From the line containing "Óleos Essenciais de" down to the line containing "Happy nation смысл." in the records below, reproduce every line exactly, ends included, and omit all others.

─── Extracted information ───

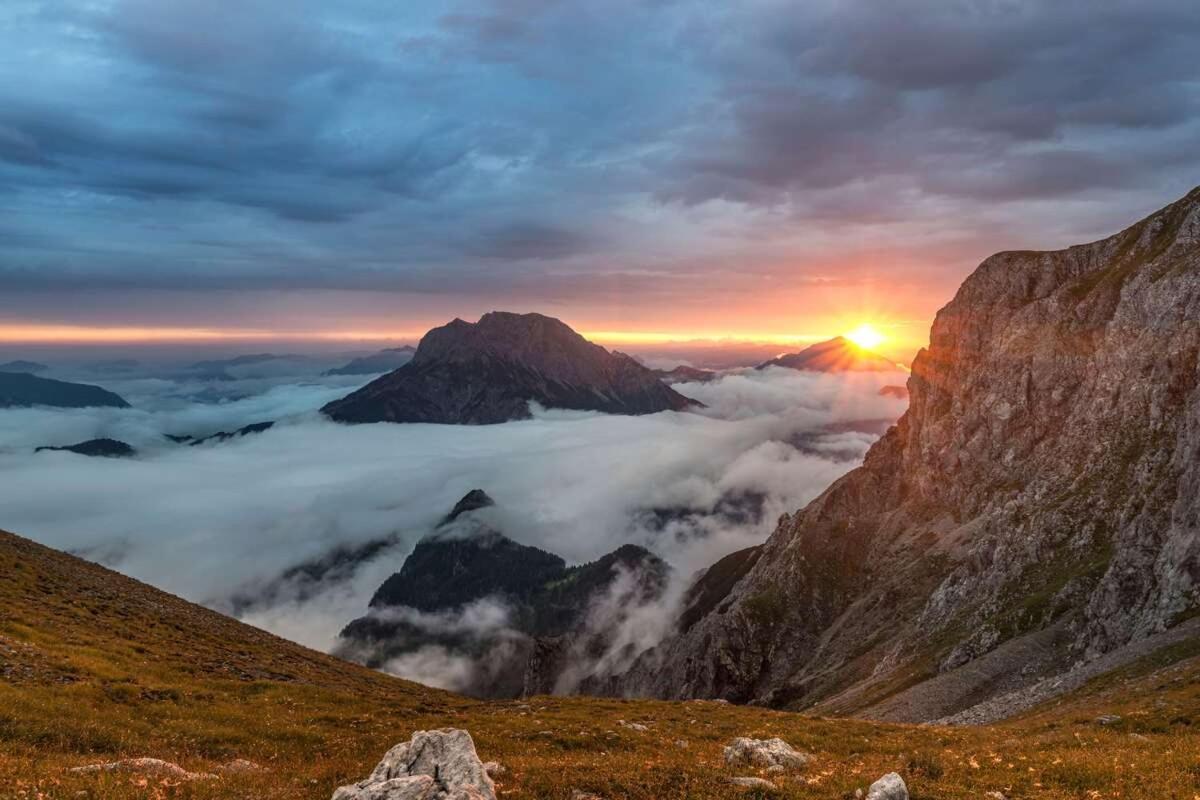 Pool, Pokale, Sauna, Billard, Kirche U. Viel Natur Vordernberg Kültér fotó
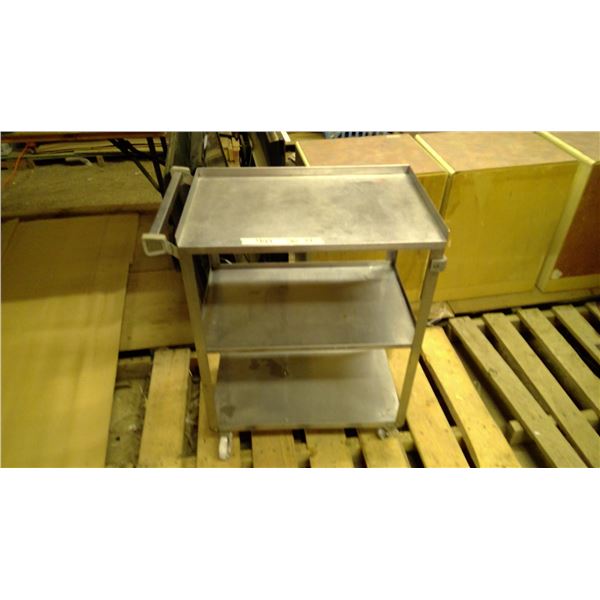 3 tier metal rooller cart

───
─── Extracted information ───

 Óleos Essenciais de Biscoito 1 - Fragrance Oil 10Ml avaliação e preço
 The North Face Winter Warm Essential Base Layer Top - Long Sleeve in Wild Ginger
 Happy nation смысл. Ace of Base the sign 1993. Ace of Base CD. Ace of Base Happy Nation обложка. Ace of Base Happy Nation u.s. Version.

───

### The completed task
 Óleos Essenciais de Biscoito 1 - Fragrance Oil 10Ml avaliação e preço
 The North Face Winter Warm Essential Base Layer Top - Long Sleeve in Wild Ginger
 Happy nation смысл. Ace of Base the sign 1993. Ace of Base CD. Ace of Base Happy Nation обложка. Ace of Base Happy Nation u.s. Version.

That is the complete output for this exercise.